For years, people have gotten to know me, listened to my stories, and inevitably one or two of them come to the same conclusion and say the same thing: “Man, you should write a book!” So far, I haven’t written the book so many people seem to want, but I’ve got my reasons.
First, I don’t know what book to write. An old saw among writer types is you should always write what you know. Write what you’ve lived. I can’t say I don’t have a wealth of interesting enough source material. My problem would be organizing it all and cutting out enough of the parts to make a cohesive narrative. I could do several narratives. Hell, I could write at least a novella on the somewhat complicated relationship I’ve had with Daddy over the years. Another book length tale could be told about the adventures Mama and I had when I was growing up. That one would have chapters like “McDonalds,” “Church,” and “The Wilderness Wanderings,” Speaking of church, if I were so inclined, my journey to and subsequently in faith would appeal to a Christian book publisher. So coming up with something to write isn’t the problem. The problem is what to put in and what to leave out, and so much of the strands all run together and weave with one another. Of course, I could just “write my life” but only the people who’ve been closest to me over the years would believe it was memoir and not a straight out fantasy novel. That brings me to another reason I haven’t written anything yet.
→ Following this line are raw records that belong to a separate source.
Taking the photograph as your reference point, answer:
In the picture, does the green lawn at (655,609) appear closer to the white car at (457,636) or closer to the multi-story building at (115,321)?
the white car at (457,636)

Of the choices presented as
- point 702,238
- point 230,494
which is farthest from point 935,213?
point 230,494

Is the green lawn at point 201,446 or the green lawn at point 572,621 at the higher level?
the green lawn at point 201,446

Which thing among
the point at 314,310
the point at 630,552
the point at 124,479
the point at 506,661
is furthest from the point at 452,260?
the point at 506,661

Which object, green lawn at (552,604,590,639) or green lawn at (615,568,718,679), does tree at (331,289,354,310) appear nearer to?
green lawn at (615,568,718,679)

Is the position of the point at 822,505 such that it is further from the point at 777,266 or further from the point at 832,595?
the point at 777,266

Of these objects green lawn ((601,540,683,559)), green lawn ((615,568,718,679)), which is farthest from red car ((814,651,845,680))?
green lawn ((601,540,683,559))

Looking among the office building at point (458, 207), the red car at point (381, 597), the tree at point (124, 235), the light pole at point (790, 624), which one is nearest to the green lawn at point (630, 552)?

I enjoy people liking me. More than anything in this world I have an unreasonable desire to be loved. It’s not exactly natural and at times it borders on completely strange, but the wish for a whole lotta love lies at the root of who I am and a book might damage that. See, the reason Thomas Wolfe wrote his final novel You Can’t Go Home Again was in large part because of his first novel Look Homeward Angel. People realized he was writing about them and often not in the most flattering of terms. He was writing what he lived and some people took exception to it.
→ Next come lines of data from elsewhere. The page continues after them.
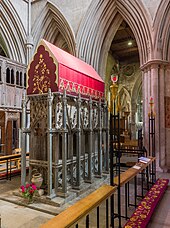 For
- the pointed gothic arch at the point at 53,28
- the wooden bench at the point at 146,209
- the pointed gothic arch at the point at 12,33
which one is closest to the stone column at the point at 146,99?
the wooden bench at the point at 146,209

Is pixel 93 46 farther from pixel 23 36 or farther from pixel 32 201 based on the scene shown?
pixel 32 201

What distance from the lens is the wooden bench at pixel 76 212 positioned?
1501mm

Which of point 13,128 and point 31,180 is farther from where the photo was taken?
point 13,128

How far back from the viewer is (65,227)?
1451 millimetres

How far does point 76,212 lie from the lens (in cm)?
170

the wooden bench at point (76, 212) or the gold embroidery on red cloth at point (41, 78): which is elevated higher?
the gold embroidery on red cloth at point (41, 78)

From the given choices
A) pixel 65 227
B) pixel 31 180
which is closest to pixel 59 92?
pixel 31 180

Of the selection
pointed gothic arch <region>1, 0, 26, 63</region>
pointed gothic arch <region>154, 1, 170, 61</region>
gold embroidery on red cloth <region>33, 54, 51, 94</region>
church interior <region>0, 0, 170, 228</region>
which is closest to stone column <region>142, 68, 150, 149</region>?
church interior <region>0, 0, 170, 228</region>

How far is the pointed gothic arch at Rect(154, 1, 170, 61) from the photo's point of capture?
6.62 metres

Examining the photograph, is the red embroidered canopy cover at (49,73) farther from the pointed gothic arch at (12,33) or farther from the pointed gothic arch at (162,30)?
the pointed gothic arch at (12,33)

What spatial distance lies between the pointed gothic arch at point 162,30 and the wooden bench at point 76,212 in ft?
19.1

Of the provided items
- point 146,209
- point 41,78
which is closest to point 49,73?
point 41,78

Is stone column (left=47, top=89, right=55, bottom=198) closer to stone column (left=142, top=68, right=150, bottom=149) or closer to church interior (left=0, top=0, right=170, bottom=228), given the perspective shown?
church interior (left=0, top=0, right=170, bottom=228)

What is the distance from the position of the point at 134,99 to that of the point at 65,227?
1491 centimetres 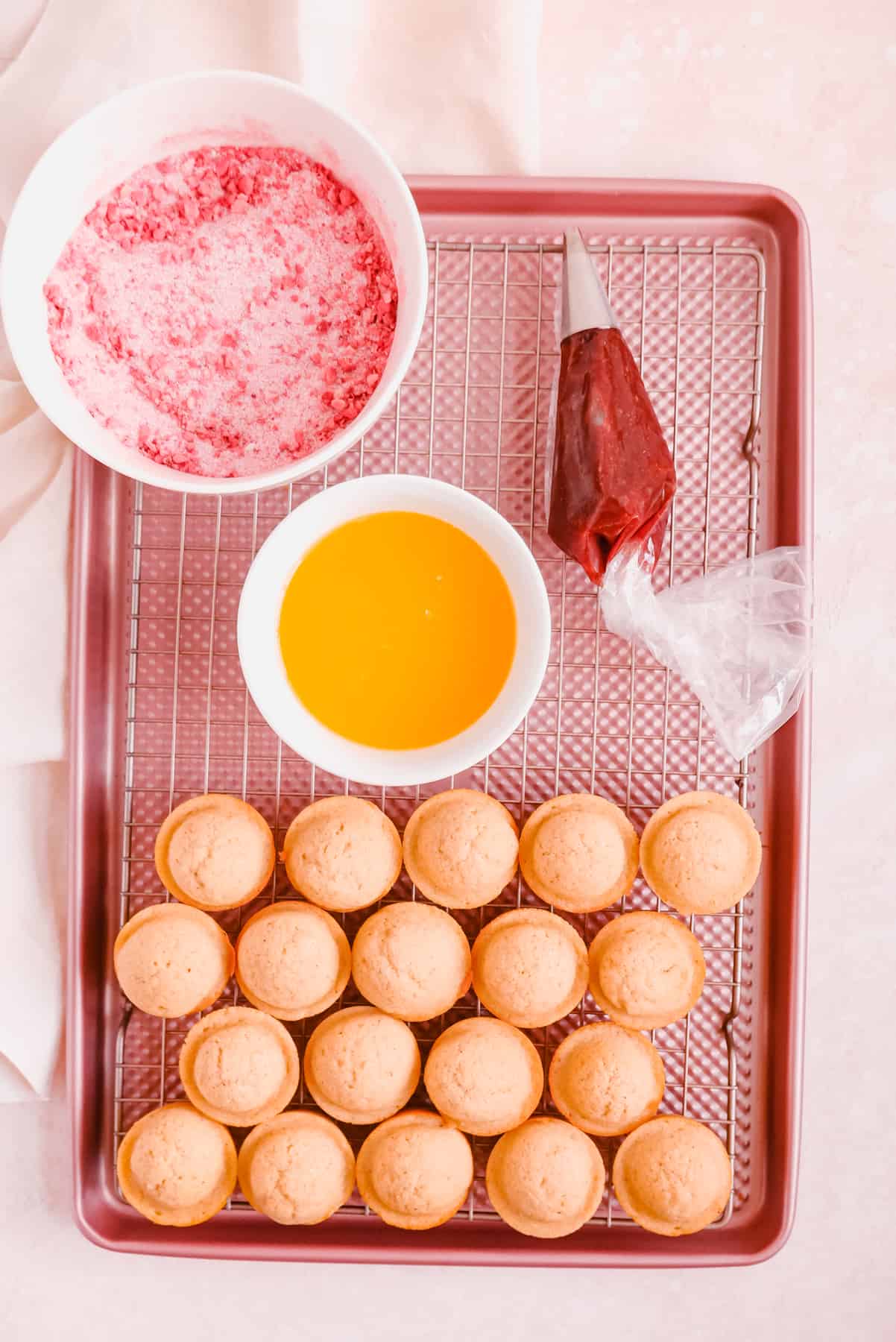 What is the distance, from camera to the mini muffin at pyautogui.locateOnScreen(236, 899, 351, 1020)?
1061mm

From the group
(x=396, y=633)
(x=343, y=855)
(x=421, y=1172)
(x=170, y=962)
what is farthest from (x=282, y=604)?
(x=421, y=1172)

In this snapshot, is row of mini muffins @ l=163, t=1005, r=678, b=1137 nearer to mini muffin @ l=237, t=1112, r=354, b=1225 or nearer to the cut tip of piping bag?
mini muffin @ l=237, t=1112, r=354, b=1225

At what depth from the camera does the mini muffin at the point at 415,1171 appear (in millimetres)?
1054

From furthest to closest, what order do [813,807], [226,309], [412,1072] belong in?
[813,807] < [412,1072] < [226,309]

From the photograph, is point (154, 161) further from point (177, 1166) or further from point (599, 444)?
point (177, 1166)

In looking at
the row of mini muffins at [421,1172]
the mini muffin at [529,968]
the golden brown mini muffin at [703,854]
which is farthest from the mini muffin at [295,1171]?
the golden brown mini muffin at [703,854]

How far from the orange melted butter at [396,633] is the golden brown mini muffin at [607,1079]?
0.36m

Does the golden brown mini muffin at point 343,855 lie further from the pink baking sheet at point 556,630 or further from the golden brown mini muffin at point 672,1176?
the golden brown mini muffin at point 672,1176

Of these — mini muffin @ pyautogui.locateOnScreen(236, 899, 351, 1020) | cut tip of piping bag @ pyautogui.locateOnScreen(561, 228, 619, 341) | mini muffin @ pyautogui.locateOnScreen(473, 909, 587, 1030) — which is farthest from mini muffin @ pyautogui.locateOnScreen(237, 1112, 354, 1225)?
cut tip of piping bag @ pyautogui.locateOnScreen(561, 228, 619, 341)

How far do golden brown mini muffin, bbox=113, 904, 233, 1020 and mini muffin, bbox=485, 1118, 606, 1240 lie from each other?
36 cm

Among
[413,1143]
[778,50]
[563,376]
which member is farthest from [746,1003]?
[778,50]

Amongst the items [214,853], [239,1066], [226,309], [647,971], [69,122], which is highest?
[69,122]

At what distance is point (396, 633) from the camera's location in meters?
1.04

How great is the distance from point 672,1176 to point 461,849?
40cm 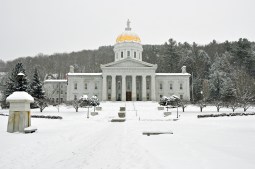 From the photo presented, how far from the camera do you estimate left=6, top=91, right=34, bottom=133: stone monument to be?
14.0m

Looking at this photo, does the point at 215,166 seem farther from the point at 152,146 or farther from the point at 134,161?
the point at 152,146

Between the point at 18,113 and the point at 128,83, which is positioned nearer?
the point at 18,113

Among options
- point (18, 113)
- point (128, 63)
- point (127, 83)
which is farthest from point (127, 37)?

I’m afraid I’d end up in the same boat.
I’ve got memories of some great people and some characters I’ve known along the way, but what if I don’t remember something the same way they do? Wolfe ended up being functionally disowned by his family because some of them didn’t like the way they came out in the novel. I have precious little family left and even though I can’t think of anything I might deliberately write to offend any of them, I might. I swore years ago when people first started suggesting I write my life that I wouldn’t write anything until my precious grandparents had passed on. I know nothing I would say would offend them, but I didn’t want them . . . especially Granny Wham and Granny Ima to read about some of my “adventures.”
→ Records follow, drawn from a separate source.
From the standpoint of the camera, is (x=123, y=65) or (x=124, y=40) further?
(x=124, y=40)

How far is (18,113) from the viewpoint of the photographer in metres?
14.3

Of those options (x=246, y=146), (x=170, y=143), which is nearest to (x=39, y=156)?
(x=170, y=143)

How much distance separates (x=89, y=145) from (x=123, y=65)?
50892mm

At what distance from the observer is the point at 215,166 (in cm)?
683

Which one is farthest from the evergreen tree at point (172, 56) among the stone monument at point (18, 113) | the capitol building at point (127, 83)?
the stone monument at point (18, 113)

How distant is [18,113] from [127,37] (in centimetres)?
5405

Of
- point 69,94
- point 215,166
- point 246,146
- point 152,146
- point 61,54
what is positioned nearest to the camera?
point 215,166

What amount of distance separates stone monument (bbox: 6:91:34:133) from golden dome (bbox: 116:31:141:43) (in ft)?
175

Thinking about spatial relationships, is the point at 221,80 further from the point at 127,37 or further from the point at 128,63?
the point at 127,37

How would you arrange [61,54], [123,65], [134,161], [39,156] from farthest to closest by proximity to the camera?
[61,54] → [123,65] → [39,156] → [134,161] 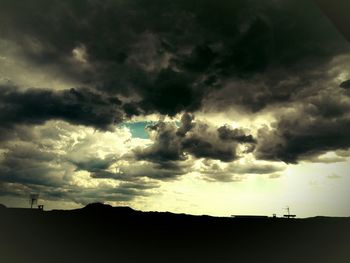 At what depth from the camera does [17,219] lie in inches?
274

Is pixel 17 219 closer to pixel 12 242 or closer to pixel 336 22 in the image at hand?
pixel 12 242

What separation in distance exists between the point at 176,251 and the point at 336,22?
451 cm

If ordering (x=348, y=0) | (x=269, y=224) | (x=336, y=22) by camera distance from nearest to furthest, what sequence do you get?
(x=348, y=0) < (x=336, y=22) < (x=269, y=224)

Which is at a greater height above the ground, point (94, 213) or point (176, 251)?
point (94, 213)

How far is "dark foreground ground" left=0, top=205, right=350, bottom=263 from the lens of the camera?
5848 mm

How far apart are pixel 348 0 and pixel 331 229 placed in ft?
15.1

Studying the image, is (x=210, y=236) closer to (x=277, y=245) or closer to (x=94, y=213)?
(x=277, y=245)

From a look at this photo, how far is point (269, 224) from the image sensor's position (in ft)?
21.1

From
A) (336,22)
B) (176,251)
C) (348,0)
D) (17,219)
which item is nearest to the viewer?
(348,0)

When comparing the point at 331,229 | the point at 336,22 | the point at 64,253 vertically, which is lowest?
the point at 64,253

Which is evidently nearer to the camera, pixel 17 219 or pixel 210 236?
pixel 210 236

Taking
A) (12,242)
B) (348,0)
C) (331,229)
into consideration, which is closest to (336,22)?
(348,0)

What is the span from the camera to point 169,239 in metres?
6.32

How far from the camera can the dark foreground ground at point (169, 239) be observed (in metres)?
5.85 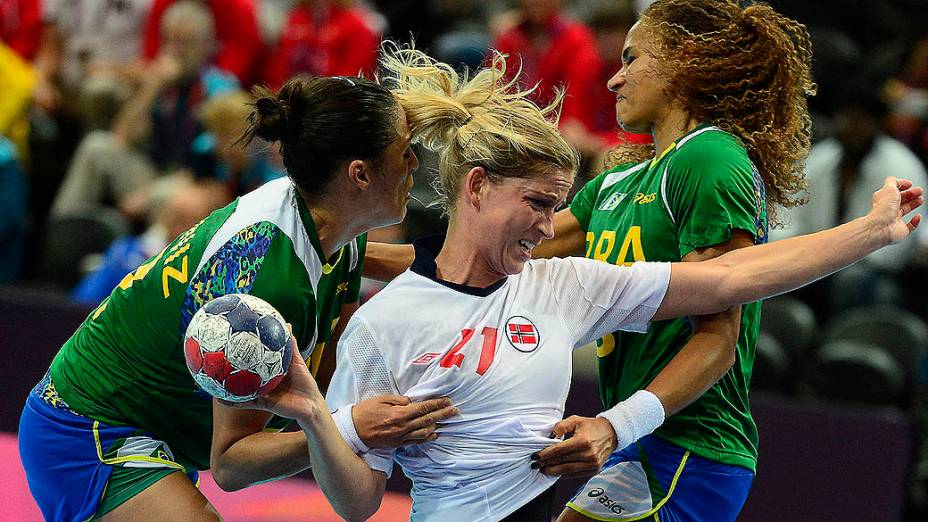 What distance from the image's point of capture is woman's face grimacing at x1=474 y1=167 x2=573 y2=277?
8.39 feet

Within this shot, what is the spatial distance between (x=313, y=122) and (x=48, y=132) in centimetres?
541

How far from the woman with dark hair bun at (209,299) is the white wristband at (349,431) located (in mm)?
114

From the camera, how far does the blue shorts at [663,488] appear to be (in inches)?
114

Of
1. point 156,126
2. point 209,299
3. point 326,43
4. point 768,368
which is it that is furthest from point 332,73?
point 209,299

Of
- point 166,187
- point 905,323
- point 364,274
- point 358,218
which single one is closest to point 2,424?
point 166,187

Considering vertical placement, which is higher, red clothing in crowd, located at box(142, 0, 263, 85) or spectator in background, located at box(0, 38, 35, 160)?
red clothing in crowd, located at box(142, 0, 263, 85)


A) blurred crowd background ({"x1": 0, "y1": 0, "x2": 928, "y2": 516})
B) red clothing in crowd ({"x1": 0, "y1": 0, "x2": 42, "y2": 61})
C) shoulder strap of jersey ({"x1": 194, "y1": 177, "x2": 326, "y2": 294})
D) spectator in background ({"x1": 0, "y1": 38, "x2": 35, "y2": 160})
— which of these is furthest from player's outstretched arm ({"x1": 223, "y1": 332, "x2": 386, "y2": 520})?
red clothing in crowd ({"x1": 0, "y1": 0, "x2": 42, "y2": 61})

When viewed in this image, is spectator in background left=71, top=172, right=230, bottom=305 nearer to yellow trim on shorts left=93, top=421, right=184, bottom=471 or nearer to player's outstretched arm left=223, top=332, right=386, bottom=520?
yellow trim on shorts left=93, top=421, right=184, bottom=471

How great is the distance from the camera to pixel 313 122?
2.71 metres

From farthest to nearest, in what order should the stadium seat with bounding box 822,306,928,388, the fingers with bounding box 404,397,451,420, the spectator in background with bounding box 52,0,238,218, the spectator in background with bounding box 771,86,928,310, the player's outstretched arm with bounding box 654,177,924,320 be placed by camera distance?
the spectator in background with bounding box 52,0,238,218, the spectator in background with bounding box 771,86,928,310, the stadium seat with bounding box 822,306,928,388, the player's outstretched arm with bounding box 654,177,924,320, the fingers with bounding box 404,397,451,420

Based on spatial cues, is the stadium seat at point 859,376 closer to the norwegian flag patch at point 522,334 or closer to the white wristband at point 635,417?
the white wristband at point 635,417

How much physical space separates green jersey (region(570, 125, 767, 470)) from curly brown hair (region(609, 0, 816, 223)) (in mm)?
101

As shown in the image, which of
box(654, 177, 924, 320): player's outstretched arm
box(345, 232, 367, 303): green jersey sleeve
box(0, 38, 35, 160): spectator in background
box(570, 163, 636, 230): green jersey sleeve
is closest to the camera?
box(654, 177, 924, 320): player's outstretched arm

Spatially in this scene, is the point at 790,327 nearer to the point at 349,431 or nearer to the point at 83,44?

So it’s a risk I’m leery of taking. I don’t want to disturb any feelings, I don’t want to unnecessarily wake any sleeping dogs, and to be absolutely honest, I don’t want to lose anyone from my life because of something I might say in writing.
Finally, I just don’t feel up to the monumental task of “getting it done.” I’ve tried my hand at writing short stories and I’ve got a chapter or four of some fantasy novels stuffed in my filing cabinet, but a book — now that would be an undertaking. I don’t know if I’ve got the emotional strength to press through and finish. First I’d have to conquer the blinking cursor and anyone who’s ever tried writing knows what I’m talking about. That white page with the little blinking cursor is possibly the most intimidating thing in the world. It just sits in the top left corner and blinks — daring the would-be author to make words spill out of it. I don’t know if I can defeat the blinker.
I don’t know if I can keep the tears back long enough to get the thoughts on paper. I’ve had some good times in my life. I’ve actually had some wonderful times in my life and I’ve had a few absolutely transcendent times in my life, but those aren’t the most interesting ones. People seem to enjoy tragedy over comedy and anyone who doesn’t believe me should compare the number of times Macbeth or Othello is performed by troupes to the instances of The Taming of the Shrew or A Midsummernight’s Dream.
I’ve got tragedy. I’ve got tragedy in spades. Between mistakes I’ve made that ended up harming other people to the times I’ve been on the losing end of something, I can do tragedy. I can do tragedy people will read and want to tell other people about, but to do it, I have to relive it long enough to wring it out of the little blinking cursor, and I don’t know if I can type through tears well enough.
In the end, the question remains — will I write a book? My honest answer is I don’t know for sure. I actually want to, but the reasons above have thus far kept me from my writing desk. Maybe I’ll break out and pour out the words on the page and end up with something worth reading. Of course, I could finally write the book so many people have wanted me to write only to have them read it and say, “Geez, this is awful!” Then I could reply, “Well, I told you so.”
In the meantime, know I love y’all and keep those feet clean!